Tadasu
Takamine
Tadasu Takamine, geboren 1968 im japanischen Kagoshima, begann als Darsteller bei der seit den 1980er Jahren existierenden, einflussreichen japanischen Multimedia-Performance-Gruppe Dumb Type. Seit über einem Jahrzehnt ist er nun selbstständig als Regisseur und Künstler aktiv, und hat sich einer Theaterpraxis verschrieben, die er in Workshops im Dialog mit lokalen Teilnehmern experimentierend entwickelt. Sowohl im Theater wie auch in künstlerischen Projekten setzt er sich auf provokative Weise und mit düsterem Humor mit bohrenden gesellschaftlichen Fragen auseinander.

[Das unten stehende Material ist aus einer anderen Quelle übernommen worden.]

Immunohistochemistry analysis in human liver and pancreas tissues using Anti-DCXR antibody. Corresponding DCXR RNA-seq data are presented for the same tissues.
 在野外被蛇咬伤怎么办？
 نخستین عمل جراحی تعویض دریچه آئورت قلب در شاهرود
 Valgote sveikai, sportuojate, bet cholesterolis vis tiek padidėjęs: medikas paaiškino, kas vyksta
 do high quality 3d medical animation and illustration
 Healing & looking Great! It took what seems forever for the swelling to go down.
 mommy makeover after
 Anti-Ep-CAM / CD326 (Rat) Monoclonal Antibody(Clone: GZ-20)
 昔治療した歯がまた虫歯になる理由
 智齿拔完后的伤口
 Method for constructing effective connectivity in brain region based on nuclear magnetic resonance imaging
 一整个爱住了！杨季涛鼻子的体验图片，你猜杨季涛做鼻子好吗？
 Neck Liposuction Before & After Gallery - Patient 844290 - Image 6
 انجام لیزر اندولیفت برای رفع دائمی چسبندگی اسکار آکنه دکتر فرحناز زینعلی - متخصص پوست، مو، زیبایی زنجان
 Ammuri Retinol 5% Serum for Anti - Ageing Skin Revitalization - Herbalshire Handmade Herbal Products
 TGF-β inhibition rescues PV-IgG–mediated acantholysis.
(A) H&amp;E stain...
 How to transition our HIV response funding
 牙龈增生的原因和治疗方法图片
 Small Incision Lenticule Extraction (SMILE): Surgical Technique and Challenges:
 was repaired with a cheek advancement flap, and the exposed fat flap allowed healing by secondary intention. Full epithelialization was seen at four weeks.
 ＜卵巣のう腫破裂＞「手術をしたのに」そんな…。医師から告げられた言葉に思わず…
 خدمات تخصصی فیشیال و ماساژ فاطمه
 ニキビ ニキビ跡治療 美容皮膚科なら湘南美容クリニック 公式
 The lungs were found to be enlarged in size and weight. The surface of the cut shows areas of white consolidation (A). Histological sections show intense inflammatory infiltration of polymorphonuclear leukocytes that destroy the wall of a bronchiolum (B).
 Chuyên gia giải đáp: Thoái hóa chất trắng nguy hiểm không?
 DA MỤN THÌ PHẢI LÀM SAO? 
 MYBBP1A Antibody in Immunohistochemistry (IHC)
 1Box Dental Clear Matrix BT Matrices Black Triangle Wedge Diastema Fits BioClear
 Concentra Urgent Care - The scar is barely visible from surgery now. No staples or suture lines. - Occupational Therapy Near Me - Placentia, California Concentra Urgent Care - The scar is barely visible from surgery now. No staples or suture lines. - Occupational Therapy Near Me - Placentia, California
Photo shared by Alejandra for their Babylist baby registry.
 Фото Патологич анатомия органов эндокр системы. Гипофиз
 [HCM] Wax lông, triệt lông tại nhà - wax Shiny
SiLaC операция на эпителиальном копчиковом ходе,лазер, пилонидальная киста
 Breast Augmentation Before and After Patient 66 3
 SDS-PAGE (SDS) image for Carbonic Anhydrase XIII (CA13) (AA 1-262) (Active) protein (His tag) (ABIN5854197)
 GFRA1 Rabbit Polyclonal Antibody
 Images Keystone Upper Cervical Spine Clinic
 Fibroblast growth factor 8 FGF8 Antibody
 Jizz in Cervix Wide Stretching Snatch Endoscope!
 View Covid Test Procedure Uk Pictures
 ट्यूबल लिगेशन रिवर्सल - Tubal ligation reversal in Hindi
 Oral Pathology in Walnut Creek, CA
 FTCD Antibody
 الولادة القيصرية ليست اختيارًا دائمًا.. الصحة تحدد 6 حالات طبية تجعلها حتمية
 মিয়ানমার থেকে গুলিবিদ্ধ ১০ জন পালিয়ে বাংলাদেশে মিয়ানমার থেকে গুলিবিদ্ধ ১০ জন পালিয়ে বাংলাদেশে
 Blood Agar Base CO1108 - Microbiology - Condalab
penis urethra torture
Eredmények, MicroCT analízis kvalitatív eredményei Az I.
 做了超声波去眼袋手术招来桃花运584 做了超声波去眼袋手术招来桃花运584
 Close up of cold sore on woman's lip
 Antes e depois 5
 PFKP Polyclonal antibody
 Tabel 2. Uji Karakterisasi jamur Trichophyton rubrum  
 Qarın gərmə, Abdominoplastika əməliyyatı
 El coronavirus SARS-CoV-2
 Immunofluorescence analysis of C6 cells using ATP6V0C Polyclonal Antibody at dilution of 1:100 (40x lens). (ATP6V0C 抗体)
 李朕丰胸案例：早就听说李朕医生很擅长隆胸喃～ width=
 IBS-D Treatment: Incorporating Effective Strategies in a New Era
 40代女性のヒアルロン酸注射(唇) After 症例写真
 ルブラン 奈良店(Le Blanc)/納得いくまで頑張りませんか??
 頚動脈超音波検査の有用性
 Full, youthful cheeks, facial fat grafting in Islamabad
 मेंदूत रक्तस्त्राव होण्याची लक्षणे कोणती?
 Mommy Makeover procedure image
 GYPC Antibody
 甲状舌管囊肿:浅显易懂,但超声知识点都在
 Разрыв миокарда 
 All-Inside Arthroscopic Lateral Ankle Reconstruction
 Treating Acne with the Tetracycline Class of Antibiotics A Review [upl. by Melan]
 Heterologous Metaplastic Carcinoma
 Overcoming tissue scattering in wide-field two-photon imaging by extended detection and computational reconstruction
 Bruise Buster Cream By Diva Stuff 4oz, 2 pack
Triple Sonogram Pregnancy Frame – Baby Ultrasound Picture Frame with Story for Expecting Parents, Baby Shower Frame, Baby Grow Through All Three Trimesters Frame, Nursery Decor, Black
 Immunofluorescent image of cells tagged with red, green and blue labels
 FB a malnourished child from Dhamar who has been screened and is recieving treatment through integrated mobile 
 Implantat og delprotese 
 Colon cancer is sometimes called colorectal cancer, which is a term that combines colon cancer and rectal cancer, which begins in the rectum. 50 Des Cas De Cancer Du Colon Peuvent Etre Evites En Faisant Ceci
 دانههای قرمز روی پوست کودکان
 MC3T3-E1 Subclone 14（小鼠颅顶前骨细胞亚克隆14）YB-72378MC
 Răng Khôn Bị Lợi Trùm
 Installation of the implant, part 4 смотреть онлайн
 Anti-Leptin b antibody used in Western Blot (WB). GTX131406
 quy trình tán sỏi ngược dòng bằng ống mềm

Bereits im Titel seines jüngsten Ausstellungsprojekts „Cool Japan“ (2012) wird dies ablesbar: er bezieht sich damit auf die 2011 gelaunchte Marketingkampagne Japans, Cool Japan. Angesichts der ökologischen Auswirkungen der Reaktorkatastrophe in Fukushima, Eigenschaften wie die „Coolness“ oder Gelassenheit der Japaner zu bewerben, verdeutlicht die politischen Bestrebungen der Instrumentalisierung der Bevölkerung im Rahmen der Image-Kampagne. Zu dem Versuch der Regierung, quasi im Windschatten der Katastrophe Einfluss auf die kollektive und individuelle Identität zu nehmen, äußerte sich der Künstler in einem Interview: „Es gibt viele Dinge, die überhaupt nicht in unser Bewusstsein eindringen – vielleicht weil wir geschickt manipuliert werden, auf eine Weise die uns daran hindert, diesen Dingen zu viel Aufmerksamkeit zu schenken. Endlich finden wir uns nun in der Situation, dass wir tatsächlich mit der Erfahrung dieser Dinge konfrontiert werden.“
Auch in seiner wohl bekanntesten Arbeit, dem verspielten Video „God Bless America“ (2002) bearbeitete Takamine ein wirksames System von Kontrolle und kultureller Einflussnahme. In einer Stop-Motion Animation sieht man den Künstler und seine Assistentin in einem blutroten Raum einen riesigen Kopf aus Ton kneten, so, dass dieser das Titellied zu singen scheint. Interessanter aber, als der vage an George W. Bush erinnernde, singende Riesenkopf ist allerdings der Künstleralltag der sich hinter ihm abspielt: in hektischem Zeitraffer wird da gegessen, ferngesehen und geschlafen, auch miteinander. Damit schuf der Künstler kurz vor dem Irakkrieg ein Bild für den Alltag im Schatten weniger der Anschläge des 11. September, als den durch die amerikanische Politik dadurch begründeten öffentlichen Selbstdarstellungen und Machtdemonstrationen, und der Unmöglichkeit sich ihnen als Individuum zu entziehen.
Auch die wohl umstrittenste Videoarbeit des Künstlers, „Kimura-San“ (2004) behandelt das Thema der Möglichkeiten individueller Selbstbestimmung. Die Videoinstallation kreist um ein Opfer des Morinaga Skandals, bei dem in den fünfziger Jahren 138 Säuglinge an mit Arsen vergifteten Milchprodukten starben, Herrn Kimura, der keine Kontrolle mehr über seinen Körper hat, und nicht sprechen kann. Der Künstler übernahm für fünf Jahre dessen Pflege, setzte sich in seinem Video mit dem Sexualleben des Gepflegten auseinander, und wirft dabei allgemeine Fragen zur Sexualität Behinderter, wie auch deren Darstellung und Thematisierung auf. Takamine spricht dabei auch die Courage Kimuras an, seine Machtlosigkeit öffentlich zu machen. Sein Video interpretiert Kimuras Umgang mit seiner Sexualität als eine gesellschaftliche Metapher dafür, Herausforderungen anzunehmen, und als ein Plädoyer für gesellschaftliche Verantwortung.